Ветран лежал на боку, у самого края матраса, и в правой руке, спущенной на пол, сжимал меч, на который я сейчас чудом не напоролась. Кот же распластался в аккурат, вдоль перил. И над ними обоими, тускло светящейся дымкой мерцало заклятие сна, наложенного явно не мной. Ну что ж, примерно такого оборота я и ожидала. Значит, остаемся лишь мы вдвоем: я и моя... Кратагусом меня накрой!
Нет, это был не боггарт, абсолютно незримый и безвредный без накинутой на себя чужой личины.

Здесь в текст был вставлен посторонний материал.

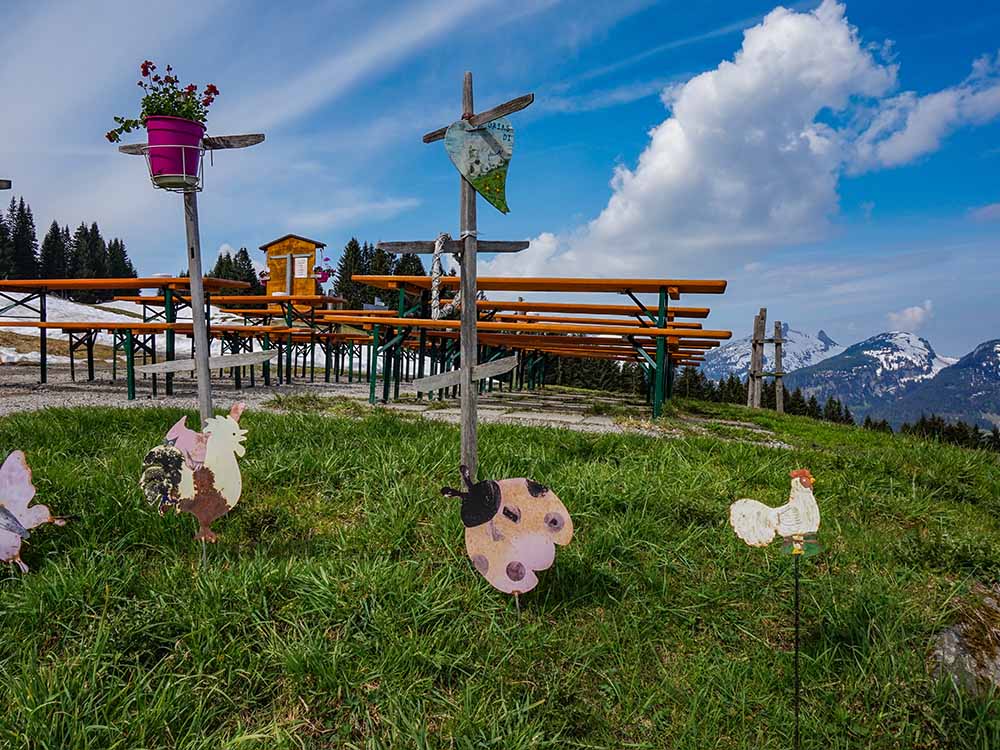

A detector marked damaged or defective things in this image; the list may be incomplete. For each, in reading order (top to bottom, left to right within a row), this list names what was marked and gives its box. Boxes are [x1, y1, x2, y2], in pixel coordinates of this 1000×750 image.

Это была лишь завеса, скрывающая маленькую фигурку, нечетким силуэтом сейчас висящую в задымленном угарном мраке.
— Дух этого дома, призываю тебя долгом твоим, скрепленным ключом и тремя словами клятвы: явись пред своей хозяйкой. Явись... Груша, Грушенька. Ты меня слышишь? — завеса задергалась, как пловец, решивший дать в воде задний ход, но осталась на месте и, мало того, потихоньку начала всасываться, вбираться в саму себя, в ту самую маленькую фигурку, проступающую с каждым мгновением все отчетливее. Фигурка выгнулась дугой, как от тяжкой боли, сведшей ее в судорогу и листиком опала на пол. — Груша! — рванула я к ней сквозь клочья смрада. Домовиха открыла глаза, и уставилась ими в потолок:
— Я не смогла, хозяйка.
— Что ты не смогла? — бухнулась я перед ней на колени.
— Причинить тебе боль... О-ох, — вмиг обмякло ее тельце, позволив повернуть ко мне голову. — Я очень долго боролась, но, он — сильнее меня, хозяйка.
— Кто, 'он', Груша? Кто тебя сильнее? С кем ты боролась? Кто заставлял тебя творить все это зло?.. Говори! — домовиха вздрогнула от моего крика и, тихо заскулив, свернулась на полу калачиком. — Ну, как ты не понимаешь, если я не буду знать, то не смогу тебя защитить.
— Грундильда сама должна защищать свой дом. Грундильда старалась, но не выдержала. Он... — приподнялась она на локте и заглянула мне в глаза. — Он меня мучил. Он заставлял меня... — испуганно прихлопнула кроха ладошкой рот.